___ Collected data ___
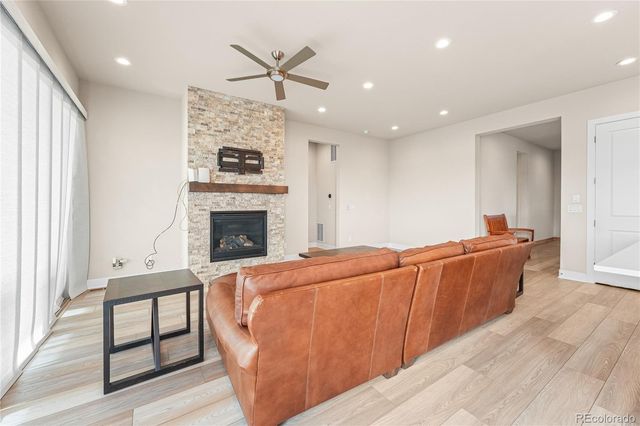 21996 E Allenspark Place, Aurora, CO 80016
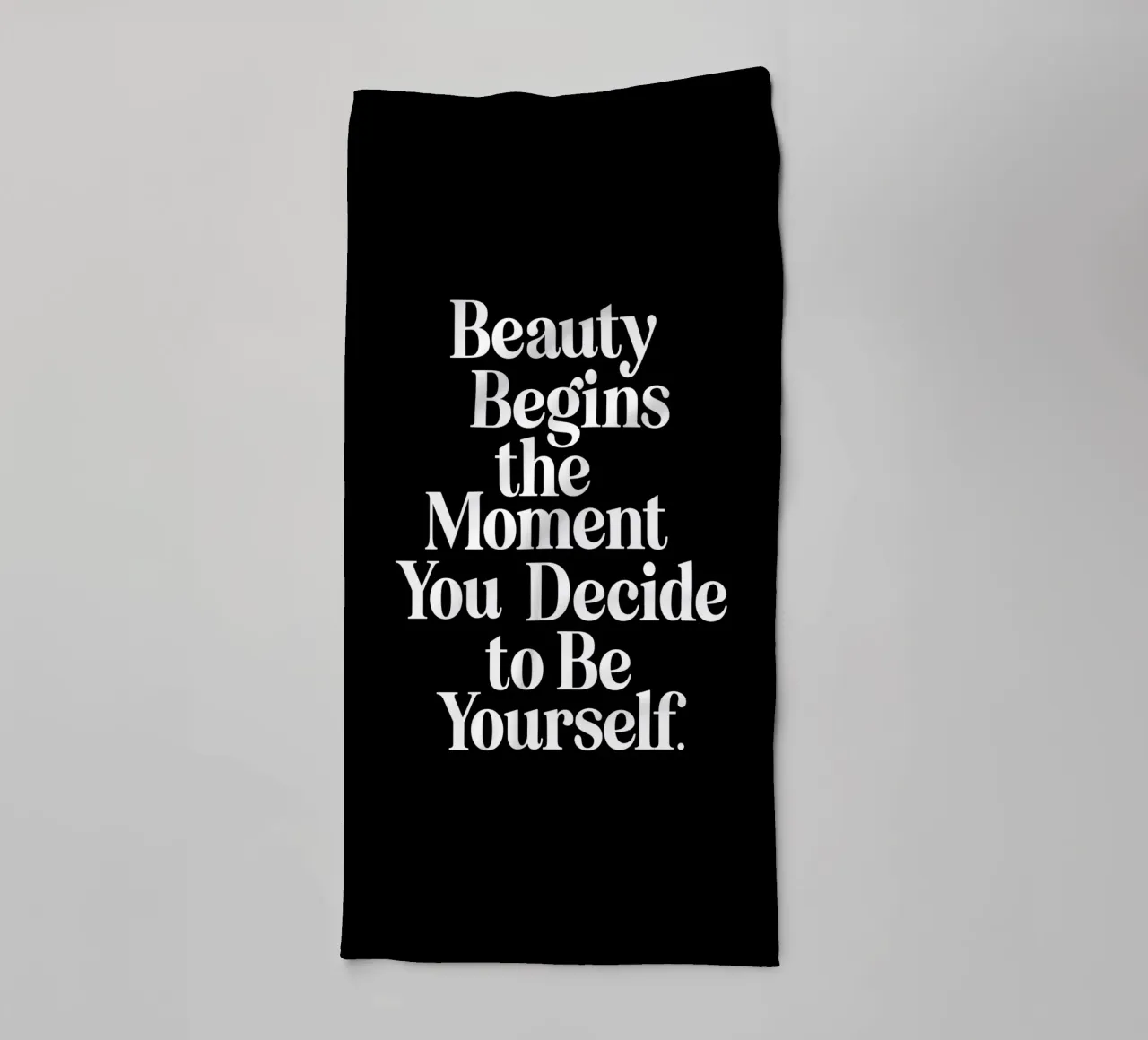 La bellezza inizia nel momento in cui si decide di essere se stessi asciugamano da bagno da THE MOTIVATED TYPE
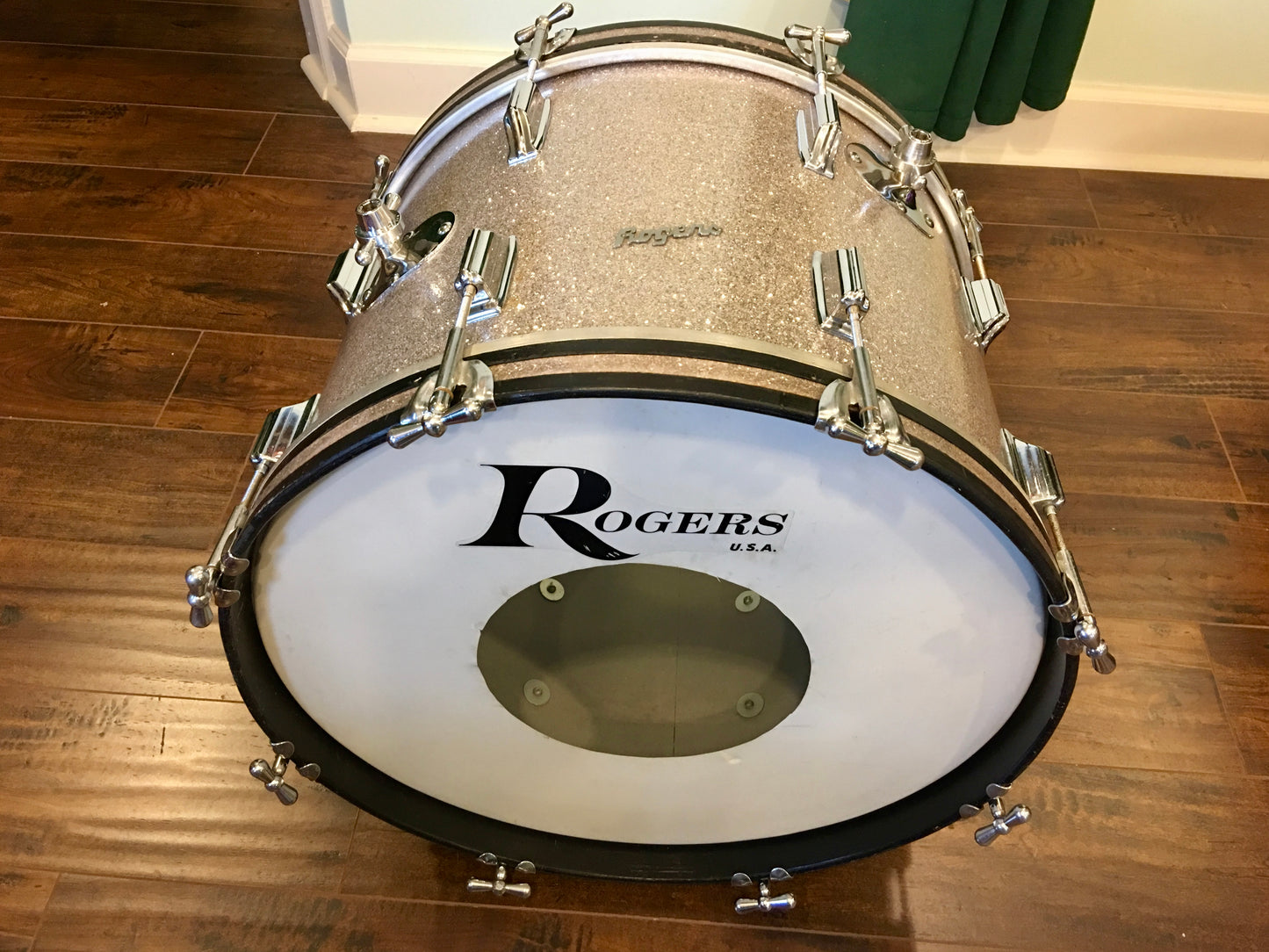 1960's Rogers Cleveland 14x20 Holiday Silver Glass Glitter Sparkle Bass Drum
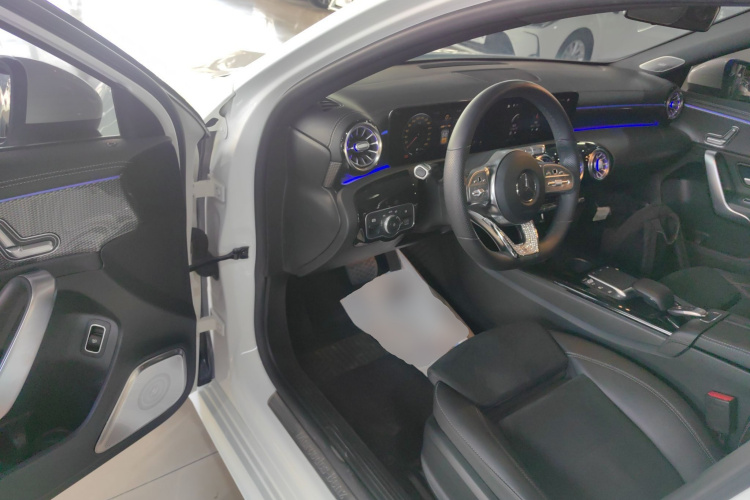 奔驰A级 2020款 改款 A 200 L 运动轿车时尚型中控内饰20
___
What the task asks - Return all of the material precisely as written. No picture belongs in it.

Reply -
 21996 E Allenspark Place, Aurora, CO 80016
 La bellezza inizia nel momento in cui si decide di essere se stessi asciugamano da bagno da THE MOTIVATED TYPE
 1960's Rogers Cleveland 14x20 Holiday Silver Glass Glitter Sparkle Bass Drum
 奔驰A级 2020款 改款 A 200 L 运动轿车时尚型中控内饰20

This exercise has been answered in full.